Arado Ar 199 vor Ablaufbahn mit bereitstehendem Transportwagen und Lanz-Bulldog (Extratech).

Seeflugzeug Arado Ar 199 (RS Models, 1/72)

Baubericht von Gerd Busse*

Original

Die Arado Ar 199 war ein unbewaffnetes  Schulflugzeug, in den Maßen der 196 ähnlich, aber viel leichter (Leergewicht 1676 kg, Fluggewicht 2060 kg) und schwächer motorisiert, also ein ganz anderes Flugzeug. Mit der schlankeren Motorverkleidung (Wasserkühlung statt Luft, Argus As 410 C12 Zylinder), dem abgerundeten Rumpf und der abgerundeten Kabine wirkte sie optisch wie eine hübschere Schwester der Ar 196, ist aber leider weniger bekannt.
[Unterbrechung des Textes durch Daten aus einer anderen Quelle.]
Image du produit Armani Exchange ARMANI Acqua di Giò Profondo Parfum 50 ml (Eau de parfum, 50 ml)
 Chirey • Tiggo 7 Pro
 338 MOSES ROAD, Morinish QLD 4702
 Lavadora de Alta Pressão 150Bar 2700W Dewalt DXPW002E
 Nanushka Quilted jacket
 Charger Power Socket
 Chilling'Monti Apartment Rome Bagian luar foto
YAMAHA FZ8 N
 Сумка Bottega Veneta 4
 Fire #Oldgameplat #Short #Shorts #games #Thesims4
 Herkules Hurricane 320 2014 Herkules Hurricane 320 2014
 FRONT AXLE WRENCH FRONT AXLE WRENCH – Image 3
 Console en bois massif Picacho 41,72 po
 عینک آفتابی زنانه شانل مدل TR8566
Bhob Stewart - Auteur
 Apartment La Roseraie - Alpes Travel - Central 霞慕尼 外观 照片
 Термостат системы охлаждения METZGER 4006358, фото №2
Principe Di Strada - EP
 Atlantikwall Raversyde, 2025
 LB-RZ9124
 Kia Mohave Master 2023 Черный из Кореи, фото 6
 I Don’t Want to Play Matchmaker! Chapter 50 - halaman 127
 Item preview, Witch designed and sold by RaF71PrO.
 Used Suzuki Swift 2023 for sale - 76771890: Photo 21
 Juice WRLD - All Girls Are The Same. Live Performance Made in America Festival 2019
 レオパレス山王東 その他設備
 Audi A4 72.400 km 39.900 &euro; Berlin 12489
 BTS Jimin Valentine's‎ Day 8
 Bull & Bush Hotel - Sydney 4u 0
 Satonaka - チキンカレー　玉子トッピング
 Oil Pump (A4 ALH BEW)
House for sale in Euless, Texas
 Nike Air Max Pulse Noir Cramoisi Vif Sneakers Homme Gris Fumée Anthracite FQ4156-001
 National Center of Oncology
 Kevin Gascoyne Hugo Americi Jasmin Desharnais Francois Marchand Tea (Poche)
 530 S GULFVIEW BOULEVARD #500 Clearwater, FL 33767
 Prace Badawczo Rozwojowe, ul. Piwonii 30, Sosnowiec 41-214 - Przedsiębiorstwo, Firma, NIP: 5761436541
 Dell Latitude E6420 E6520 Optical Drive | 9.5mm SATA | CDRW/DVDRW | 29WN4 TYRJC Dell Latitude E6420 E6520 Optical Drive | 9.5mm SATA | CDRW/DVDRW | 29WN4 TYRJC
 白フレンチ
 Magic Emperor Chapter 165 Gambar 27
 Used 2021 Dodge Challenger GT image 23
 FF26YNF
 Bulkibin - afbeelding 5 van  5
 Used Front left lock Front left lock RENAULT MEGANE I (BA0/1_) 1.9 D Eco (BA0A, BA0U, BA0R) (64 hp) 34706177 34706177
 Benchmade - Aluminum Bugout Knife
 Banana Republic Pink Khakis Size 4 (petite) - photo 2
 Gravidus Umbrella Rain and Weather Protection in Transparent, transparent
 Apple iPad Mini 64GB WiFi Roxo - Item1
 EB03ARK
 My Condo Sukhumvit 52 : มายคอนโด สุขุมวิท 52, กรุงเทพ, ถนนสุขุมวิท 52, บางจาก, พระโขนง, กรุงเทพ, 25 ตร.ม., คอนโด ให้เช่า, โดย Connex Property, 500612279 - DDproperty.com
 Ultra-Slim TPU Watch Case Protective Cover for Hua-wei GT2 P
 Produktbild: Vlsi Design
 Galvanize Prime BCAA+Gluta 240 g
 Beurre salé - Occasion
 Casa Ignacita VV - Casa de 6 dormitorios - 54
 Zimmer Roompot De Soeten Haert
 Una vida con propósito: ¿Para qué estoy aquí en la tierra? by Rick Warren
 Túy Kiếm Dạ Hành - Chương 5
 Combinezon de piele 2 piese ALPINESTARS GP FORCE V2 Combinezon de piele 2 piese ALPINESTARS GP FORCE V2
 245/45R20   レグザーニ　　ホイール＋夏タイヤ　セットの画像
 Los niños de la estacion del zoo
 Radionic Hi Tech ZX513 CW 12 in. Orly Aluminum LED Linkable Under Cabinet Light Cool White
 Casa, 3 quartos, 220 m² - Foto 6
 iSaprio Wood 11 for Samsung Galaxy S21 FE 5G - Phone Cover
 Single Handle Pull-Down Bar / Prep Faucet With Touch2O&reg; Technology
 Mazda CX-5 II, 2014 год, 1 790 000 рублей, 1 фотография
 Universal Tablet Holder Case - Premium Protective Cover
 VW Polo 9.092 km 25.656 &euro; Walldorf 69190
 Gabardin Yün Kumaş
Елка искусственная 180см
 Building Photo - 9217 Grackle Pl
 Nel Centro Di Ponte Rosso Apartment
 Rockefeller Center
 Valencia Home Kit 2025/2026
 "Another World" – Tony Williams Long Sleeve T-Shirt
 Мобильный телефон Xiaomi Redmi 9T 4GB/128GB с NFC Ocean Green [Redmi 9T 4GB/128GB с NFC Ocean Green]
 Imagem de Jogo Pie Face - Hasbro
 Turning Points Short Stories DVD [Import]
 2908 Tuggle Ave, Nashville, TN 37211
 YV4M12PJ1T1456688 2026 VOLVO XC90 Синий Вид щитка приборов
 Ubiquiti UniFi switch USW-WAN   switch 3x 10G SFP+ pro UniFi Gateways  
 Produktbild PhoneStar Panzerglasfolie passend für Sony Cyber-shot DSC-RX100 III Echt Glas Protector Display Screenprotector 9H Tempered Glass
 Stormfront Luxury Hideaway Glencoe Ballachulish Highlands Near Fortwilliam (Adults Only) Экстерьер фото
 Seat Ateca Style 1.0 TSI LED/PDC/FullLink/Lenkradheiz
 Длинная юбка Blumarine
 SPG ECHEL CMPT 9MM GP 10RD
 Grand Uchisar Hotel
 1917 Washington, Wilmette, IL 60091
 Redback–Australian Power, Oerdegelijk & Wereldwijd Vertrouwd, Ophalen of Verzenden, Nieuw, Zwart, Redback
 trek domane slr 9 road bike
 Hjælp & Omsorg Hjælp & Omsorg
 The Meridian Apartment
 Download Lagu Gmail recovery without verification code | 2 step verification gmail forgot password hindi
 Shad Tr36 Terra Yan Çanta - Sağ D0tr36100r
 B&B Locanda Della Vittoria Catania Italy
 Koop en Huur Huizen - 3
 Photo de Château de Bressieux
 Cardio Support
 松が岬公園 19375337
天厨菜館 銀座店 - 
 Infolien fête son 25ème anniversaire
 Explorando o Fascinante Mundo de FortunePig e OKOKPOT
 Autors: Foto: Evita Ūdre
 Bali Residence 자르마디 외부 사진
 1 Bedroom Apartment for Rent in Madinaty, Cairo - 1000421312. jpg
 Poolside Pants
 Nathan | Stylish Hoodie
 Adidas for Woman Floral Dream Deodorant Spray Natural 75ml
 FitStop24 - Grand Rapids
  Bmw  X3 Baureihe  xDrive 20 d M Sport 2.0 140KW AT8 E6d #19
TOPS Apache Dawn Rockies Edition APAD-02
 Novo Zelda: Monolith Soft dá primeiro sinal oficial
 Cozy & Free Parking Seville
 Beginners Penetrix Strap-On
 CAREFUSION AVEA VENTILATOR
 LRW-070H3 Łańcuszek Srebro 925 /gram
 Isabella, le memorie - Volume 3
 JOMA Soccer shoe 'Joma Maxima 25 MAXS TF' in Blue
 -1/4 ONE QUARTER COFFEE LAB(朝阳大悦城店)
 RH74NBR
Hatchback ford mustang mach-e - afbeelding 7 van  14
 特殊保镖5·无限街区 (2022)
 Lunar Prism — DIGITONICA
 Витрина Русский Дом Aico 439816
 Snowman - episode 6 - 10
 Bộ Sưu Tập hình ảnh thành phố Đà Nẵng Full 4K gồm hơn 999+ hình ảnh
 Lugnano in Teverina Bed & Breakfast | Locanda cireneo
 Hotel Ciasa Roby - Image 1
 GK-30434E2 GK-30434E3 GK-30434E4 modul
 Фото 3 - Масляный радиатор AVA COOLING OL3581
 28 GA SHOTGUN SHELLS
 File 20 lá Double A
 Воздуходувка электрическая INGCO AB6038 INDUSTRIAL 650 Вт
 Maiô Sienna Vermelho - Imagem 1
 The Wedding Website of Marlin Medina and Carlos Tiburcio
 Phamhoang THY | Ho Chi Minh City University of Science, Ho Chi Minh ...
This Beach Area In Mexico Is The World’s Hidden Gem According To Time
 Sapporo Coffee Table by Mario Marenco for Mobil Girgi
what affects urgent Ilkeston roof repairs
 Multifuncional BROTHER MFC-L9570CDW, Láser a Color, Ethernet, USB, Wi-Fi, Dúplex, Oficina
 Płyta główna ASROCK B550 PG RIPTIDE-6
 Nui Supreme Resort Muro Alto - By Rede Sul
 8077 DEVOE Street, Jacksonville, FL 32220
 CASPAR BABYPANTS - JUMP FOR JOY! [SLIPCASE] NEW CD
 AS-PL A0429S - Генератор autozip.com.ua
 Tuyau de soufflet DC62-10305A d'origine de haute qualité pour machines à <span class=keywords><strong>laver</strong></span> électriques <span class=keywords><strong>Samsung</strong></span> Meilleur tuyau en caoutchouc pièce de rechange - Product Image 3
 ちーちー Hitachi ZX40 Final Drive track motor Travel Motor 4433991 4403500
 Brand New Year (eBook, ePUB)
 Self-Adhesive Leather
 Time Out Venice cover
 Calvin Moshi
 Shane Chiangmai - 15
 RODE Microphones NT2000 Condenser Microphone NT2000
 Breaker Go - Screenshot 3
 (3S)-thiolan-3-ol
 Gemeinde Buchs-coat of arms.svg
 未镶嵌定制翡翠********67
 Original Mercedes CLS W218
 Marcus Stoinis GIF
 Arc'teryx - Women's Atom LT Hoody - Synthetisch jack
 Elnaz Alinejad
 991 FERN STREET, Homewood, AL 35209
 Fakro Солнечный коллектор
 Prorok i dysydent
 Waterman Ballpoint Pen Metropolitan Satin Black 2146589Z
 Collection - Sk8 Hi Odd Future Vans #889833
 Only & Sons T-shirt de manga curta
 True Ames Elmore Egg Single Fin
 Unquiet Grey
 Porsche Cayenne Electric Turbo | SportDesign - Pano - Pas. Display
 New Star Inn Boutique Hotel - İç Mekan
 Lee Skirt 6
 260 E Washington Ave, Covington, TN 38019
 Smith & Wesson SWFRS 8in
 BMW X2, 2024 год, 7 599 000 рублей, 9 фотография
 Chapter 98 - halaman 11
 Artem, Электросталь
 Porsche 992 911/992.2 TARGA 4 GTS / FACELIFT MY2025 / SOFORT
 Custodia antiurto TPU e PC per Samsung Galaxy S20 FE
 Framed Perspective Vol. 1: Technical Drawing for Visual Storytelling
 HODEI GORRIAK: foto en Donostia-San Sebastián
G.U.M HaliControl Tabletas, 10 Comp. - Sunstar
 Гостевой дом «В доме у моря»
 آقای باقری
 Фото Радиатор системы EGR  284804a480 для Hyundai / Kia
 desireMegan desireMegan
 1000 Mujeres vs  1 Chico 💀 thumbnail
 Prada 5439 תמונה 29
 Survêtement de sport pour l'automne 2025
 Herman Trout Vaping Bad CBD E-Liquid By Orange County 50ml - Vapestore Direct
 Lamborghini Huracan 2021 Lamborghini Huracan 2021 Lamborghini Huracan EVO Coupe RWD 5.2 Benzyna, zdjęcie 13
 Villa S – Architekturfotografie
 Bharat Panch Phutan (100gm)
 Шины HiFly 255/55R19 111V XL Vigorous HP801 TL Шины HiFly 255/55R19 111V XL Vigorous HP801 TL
Vorbild des hier vorgestellten Modells war die Ar 199 V3 mit der W. Nr. 3673 und der ursprünglichen Kennung  D-ITLF. Sie flog später mit der Kennung  TJ+HL und wurde während ihrer Zeit in Finnland im August 1942 auf dem Wesnj-See beschossen, wobei ein Schwimmer ein Leck bekam und die Maschine infolge des erhöhten Gewichts nicht mehr starten konnte. Sie diente in der Folgezeit als Zielscheibe für russische Jagdflugzeuge. Was danach noch übrig war, wurde schließlich 1993/94 geborgen und dann nach Kanada verkauft und soll restauriert werden. Die Maschine ist mit ein paar Fotos dokumentiert, auch mit der ursprünglichen Kennung.

Modell

Erfreulicherweise gibt es jetzt einen Bausatz dieses eher seltenen Flugzeugs. Der Bausatz ist allerdings eine Herausforderung, weil die Anleitung zwar vor allem die Montage des gut detaillierten Cockpits beschreibt, der Rest der Beschreibung ist aber eher ein sehr knapp gehaltenes Provisorium: Ein paar Bauteile werden nicht erwähnt, die Motorhabe ist in zwei Versionen vorhanden mit unklarer Zuordnung.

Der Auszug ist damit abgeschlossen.